Conversion Therapy and Productivity: Strategies for Getting Things Done

How Conversion Therapy affects productivity and practical strategies for maintaining function even during difficult periods.

Conversion Therapy and productivity exist in a frustrating cycle: conversion therapy reduces productivity, which creates more stress, which worsens conversion therapy. Breaking this cycle requires specific strategies.

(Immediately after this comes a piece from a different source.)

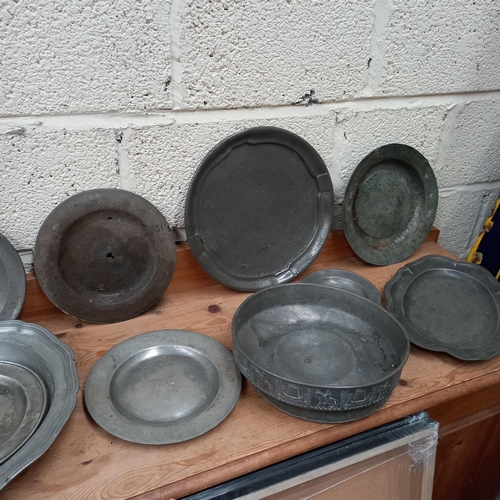 120 - Collection of Pewter Plates etc (12)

How Conversion Therapy Undermines Productivity

  • Concentration difficulties make task initiation and completion harder
  • Decision fatigue compounds when conversion therapy is high
  • Perfectionism (a common companion of conversion therapy) causes paralysis
  • Energy depletion means less available for productive work

Productivity Strategies That Work With Conversion Therapy

Reduce friction: Make tasks easier to start — prepare the night before, break into tiny steps

Work with energy cycles: Do demanding work when conversion therapy is lowest, administrative tasks during harder periods

Body-doubling: Working in proximity with others (library, cafe, video call) reduces avoidance

Time blocking: Visible, concrete schedule reduces decision overhead that conversion therapy makes harder

When Conversion Therapy Makes Work Impossible

Sometimes the most productive thing is to acknowledge you're not well and reduce demands. Pushing through severe conversion therapy often worsens it and produces poor-quality work.